All these things are happening today, 80 years later.
The advantage of the gold standard was that it provided a fixed measure of value. And a banking system needs a fixed measure of value, which each bank can hold as capital, and which provides it with a guide as to how much it can lend.
Since 1971, when the US ceased to exchange dollars for gold at a fixed rate, the world has lacked a fixed measure of value on which to found its banking systems. It has had to improvise.
In the absence of gold, sovereign debts of wealthy governments were pushed into assuming gold’s role as a fixed measure of value, on the assumptions that governments always repay their debts at face value, and that if a bank holds enough government bonds, it is thus a sound bank.
The difficulty was that, unlike the supply of gold, there is no natural limit on the amount of government debt. Indeed the US and other governments issued large amounts of debt to countries such as Japan and China, which wanted to save for the rainy day, and which were prepared to buy the debt at ridiculously favourable prices to the issuer. That led to an over-expansion of the US and other western economies, on the basis of credit fuelled by an oversupply of government bonds, and a consequent artificially inflated capital base of western banks.

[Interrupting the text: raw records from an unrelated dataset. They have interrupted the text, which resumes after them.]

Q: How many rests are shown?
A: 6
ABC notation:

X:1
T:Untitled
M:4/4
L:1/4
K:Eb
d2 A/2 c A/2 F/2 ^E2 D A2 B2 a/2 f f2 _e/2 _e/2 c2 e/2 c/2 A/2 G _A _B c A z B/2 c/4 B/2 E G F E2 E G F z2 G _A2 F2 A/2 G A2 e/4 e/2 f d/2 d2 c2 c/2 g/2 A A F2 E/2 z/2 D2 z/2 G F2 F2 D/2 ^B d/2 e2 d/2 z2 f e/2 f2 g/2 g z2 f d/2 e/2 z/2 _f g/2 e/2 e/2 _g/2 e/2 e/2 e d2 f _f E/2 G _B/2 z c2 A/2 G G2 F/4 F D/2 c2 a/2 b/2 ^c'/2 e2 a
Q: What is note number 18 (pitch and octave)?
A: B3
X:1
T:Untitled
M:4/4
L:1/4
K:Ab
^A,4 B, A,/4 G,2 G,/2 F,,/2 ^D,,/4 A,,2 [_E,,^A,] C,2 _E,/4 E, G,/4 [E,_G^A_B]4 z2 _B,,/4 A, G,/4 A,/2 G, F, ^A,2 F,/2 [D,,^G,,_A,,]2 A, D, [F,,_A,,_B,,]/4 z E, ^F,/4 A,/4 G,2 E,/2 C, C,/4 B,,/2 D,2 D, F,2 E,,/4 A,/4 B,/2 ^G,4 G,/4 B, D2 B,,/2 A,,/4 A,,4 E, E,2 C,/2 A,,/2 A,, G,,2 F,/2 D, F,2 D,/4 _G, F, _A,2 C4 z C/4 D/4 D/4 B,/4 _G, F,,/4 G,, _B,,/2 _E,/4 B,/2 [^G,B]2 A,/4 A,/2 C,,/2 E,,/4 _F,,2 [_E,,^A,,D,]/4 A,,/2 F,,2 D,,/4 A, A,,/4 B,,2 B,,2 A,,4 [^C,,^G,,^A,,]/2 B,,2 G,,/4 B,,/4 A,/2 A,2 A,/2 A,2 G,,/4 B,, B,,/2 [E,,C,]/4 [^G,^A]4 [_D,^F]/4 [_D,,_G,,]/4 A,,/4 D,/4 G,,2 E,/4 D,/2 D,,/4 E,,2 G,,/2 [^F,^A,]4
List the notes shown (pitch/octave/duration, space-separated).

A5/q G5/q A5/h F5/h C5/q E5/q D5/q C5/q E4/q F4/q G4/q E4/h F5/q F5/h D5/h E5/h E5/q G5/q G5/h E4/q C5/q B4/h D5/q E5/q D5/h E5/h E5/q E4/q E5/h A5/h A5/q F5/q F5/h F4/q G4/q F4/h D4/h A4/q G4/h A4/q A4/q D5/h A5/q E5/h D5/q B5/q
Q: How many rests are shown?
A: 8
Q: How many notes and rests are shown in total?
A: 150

More recently the very clever people in the bond markets have discovered, to their apparent amazement, that government bonds are not as good as gold after all. If you have too much of a good thing, it is not good any more. Here is how their eyes were opened.
Political parties in the US threatened, deliberately and unnecessarily, to default on government debts to make a political point.
The Greek government produced deceptive public accounts to allow them to issue more debt than they can afford to service. Governments generally, and many businesses, simply borrowed too much, at artificially low interest rates. Others, like Ireland, expanded services permanently on the basis of tax revenues that proved to be inherently temporary and volatile.
The fact that none of the highly educated people in the rating agencies, banks and accounting firms saw the risk of such errors at the time and adjusted their interest rate accordingly was a result of “tunnel visioned” specialisation that passes for economic and financial education in some leading universities nowadays.
Economics focused insufficiently on economic history, and finance was taught as if it was a branch of mathematical engineering rather than something influenced by psychology and politics.
Is there a solution?
We will get our economies going again only if we can restore belief in a fixed measure of value that will provide a capital base for banks – the role that gold performed in the past. The sovereign bonds of wealthy countries played this role until recently.
This is where the proposal for a eurobond could be helpful. It could be a lot more than a short-term fix. It might work as follows.
All 17 euro area governments could agree to mutually guarantee the repayment of a new collective eurobond. This bond would have first call on, say, a fixed share of all VAT receipts. They might also agree that, while no euro area country would be obliged to issue eurobonds, it could do so in limited circumstances, namely:
1) where its budget law, and five-year projections, had been approved in advance by the European Commission, and
2) where the bond would cover a limited proportion of the country’s total borrowing, as long as the overall debt/GDP ratio was more than, say, 40 per cent.
This would have a number of advantages. It would guarantee a minimum borrowing capacity to all euro area states. And because of the collective guarantee, the interest rate on the eurobond would be less than that on most national bonds.
It would, however, penalise countries for allowing their debt/GDP ratios to go beyond 40 per cent, because they would be forced to borrow commercially and pay higher rates of interest on the extra borrowing. This would be a strong incentive to reduce their debt as quickly as possible to 40 per cent or below. It would also be a better form of discipline than retrospective fines, which we now rely on.
The new eurobond, guaranteed by all euro area governments and with a prior call on VAT receipts, would have real credibility, globally and within the EU. Banks in possession of these new eurobonds would have something of real and certain value in their capital base, on the strength of which they could confidently base their lending decisions. Credit would start flowing again, jobs would be created and permanent structural damage to our economies avoided.
Rather than being the world’s economic problem, Europe could provide part of the solution.